Let $X$ be a metric space. Suppose there exists $r >0$ such that $\overline{B(x,r)}$ is compact for every $x \in X$. Show that $X$ is complete.

Let $x_n$ be a Cauchy sequence in $X$. We want to show that $x_n \to a \in X$.
Since $x_n$ is Cauchy for all $\varepsilon >0$ there exists $k \in \Bbb N$ such that $n,m>k \implies d(x_n,x_m)< \varepsilon$.
Thus for $r$ there exists $n_0$ such that $n,m > n_0 \implies d(x_n,x_m)< r$.
I also have that for all $n$ there exists $r>0$ such that $\overline{B(x_n,r)}$ is compcat, but I cannot draw the conclusion from these facts that $x_n$ would converge?

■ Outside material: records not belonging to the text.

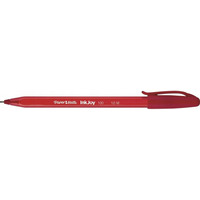 Długopis INKJOY 100 CAP M czerwony S0957140 Paper Mate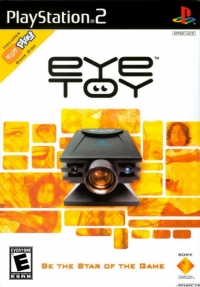 Sony EyeToy - EyeToy Play Box Art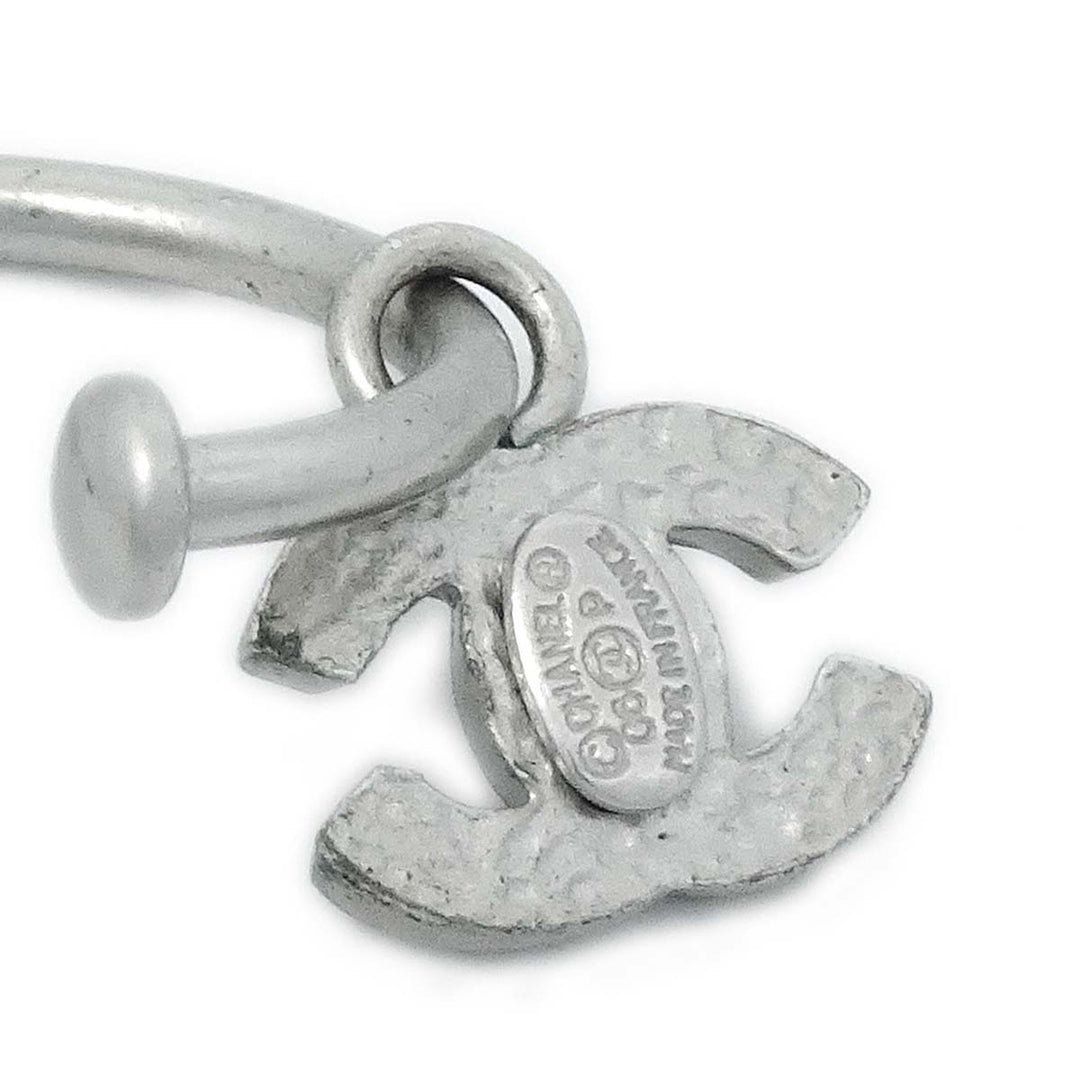Top Quality Chanel Piercing Earrings Silver 06P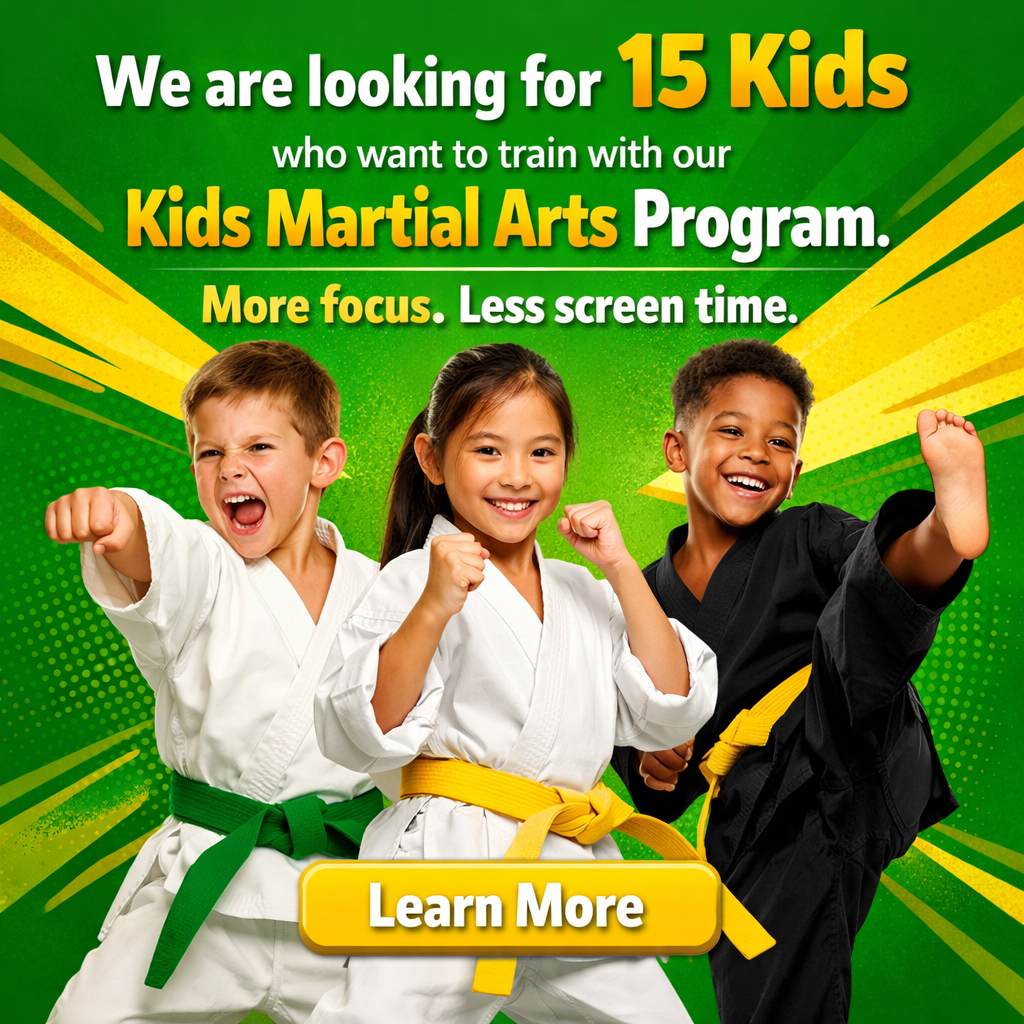 Premier Martial Arts Facebook ad from Feb 9, 2026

 A: Let $\{x_n\}\subset X$ be a Cauchy-sequence. Then, there exists an $n_0\in\mathbb N$, such that
$$
m,n\ge n_0\qquad\Longrightarrow\qquad d(x_m,x_n)<r.
$$
In particular,
$$
x_n\in B_r(x_{n_0}), \quad \text{for all $n\ge n_0$.}
$$
Set $S=\{x_n: n\ge n_0\}$. Then $S\subset B_r(x_{n_0})$, and hence
$\overline S\subset \overline{B_r}(x_{n_0})$, and since $\overline S$ is a closed subset of the compact $\overline{B_r}(x_{n_0})$, then $\overline S$ is also compact. Thus the sequence $\{x_n\}_{n\ge n_0}\subset \overline S$ possesses a convergent subsequence $x_{k_n}\to x\in\overline S$.
But if a Cauchy sequence possesses a convergent subsequence, it is convergent itself.
A: Let $(x_n) \subset X$ be a  cauchy sequence.
Then $(x_n) $ is bounded (see here)i.e $\exists x_0\in X, r>0$ such that $(x_n) \subset\overline{B(x_0,r)}$.
Now by compactness of $\overline{B(x_0,r)}$ , $\exists (x_{n_k}) \subset (x_n) $ such that $(x_{n_k}) \to x_1 \in \overline{B(x_0,r)}$.
If a cauchy sequence have a convergent subsequence then the sequence converge (see here).
Done!